This paper describes an engineering study that was made to assess the stability of a site that is underlain by abandoned coal mining operations. Several procedures and techniques that are customarily associated with different types of engineering problems were employed in the analysis and interpretation of the site and subsurface conditions to obtain a rational solution to this difficult problem. The first stage of this study consisted of research to determine the past history of the site and the mining conditions underlying the site. Field reconnaissance and subsurface exploration were performed to supplement and confirm the findings from the research phase. Preliminary analyses of the mine conditions then led to an identification of the vital aspects of the site evaluation--evaluating the safety factor of the mine pillars and determining the probable subsidence behavior that is reasonable to expect in the future due to collapse of mine pillars having low safety factors. This determination proceded first by an application of empirical methods for predicting mine subsidence behavior and then by a finite element analysis of the site and mine conditions. The results obtained were used as a guide to engineering judgment in arriving at conclusions about the suitability of the site for development.

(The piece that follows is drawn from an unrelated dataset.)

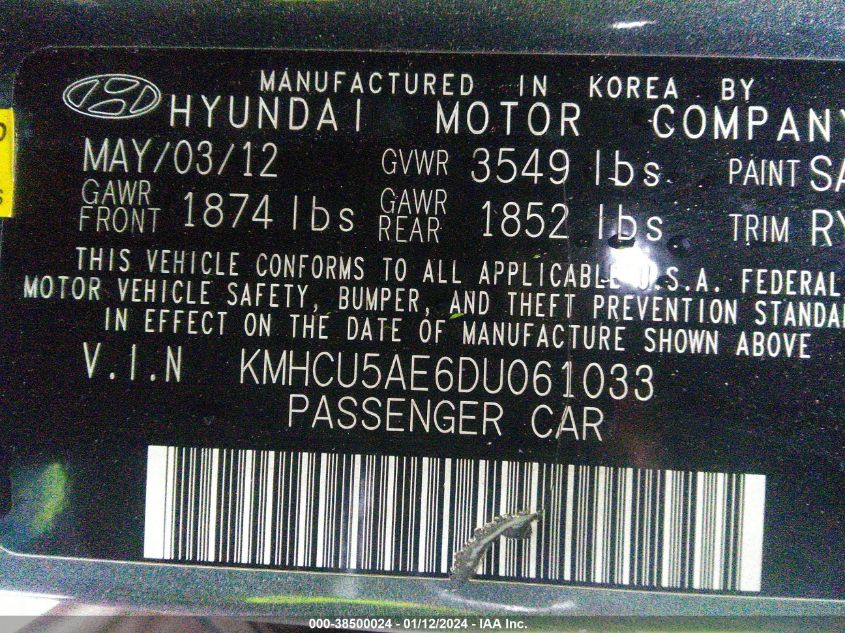 2013 HYUNDAI ACCENT SE - KMHCU5AE6DU061033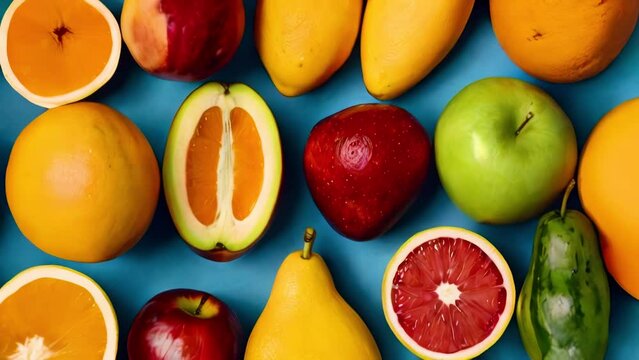 Top view assorted juicy, sliced and whole fruits on blue background, push out shot. Healthy nutrition and health care.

In the region around Wilkes-Barre, Pennsylvania, there are numerous abandoned underground workings in the anthracite coal veins and ground surface subsidence is not an uncommon occurrence. Most of these workings are presently flooded such that the mine pool elevation is, in places, above the ground surface elevation. As a result, artesian springs of this highly acidic mine water flow out upon the ground surface polluting the regional streams and rivers and ground water resources. As a temporizing measure to limit the maximum mine pool elevation, the Department of Environmental Resources opened the side of the abandoned Buttonwood air shaft and obtained a controlled drainage of this mine pool. About the time this drain was constructed, plans were advanced for the design and construction of a plant to purify the acid mine drainage water before it was released to the surface waters. A site for the proposed Acid Mine Drainage (AMD) treatment plant was selected adjacent to the Susquehanna River and to the west of Wilkes-Barre. This paper describes the engineering evaluation of the mine subsidence potential that was made for this proposed site for the AMD plant.


The proposed AMD plant site is located within the Wyoming-Lackawanna Valley--a long narrow canoe-shaped depression in the Pocono Plateau that extends for about 56 miles in a southwest-northeast direction, Figure 1. This valley is also known as the Northern Anthracite Field of Pennsylvania with the site being located in the Wyoming Basin of the field. Upon first inspection, this valley appears to be a broad synclinal structure resulting from the folding movements that created the Appalachian Mountains and left this basin as a relic of one of the downwarps. Geologic investigations (9)* have shown a rather complex history to the valley evolution involving cycles of deposition and erosion, tectonic activity, regional drainage changes, etc., that is incidental to the problem at hand.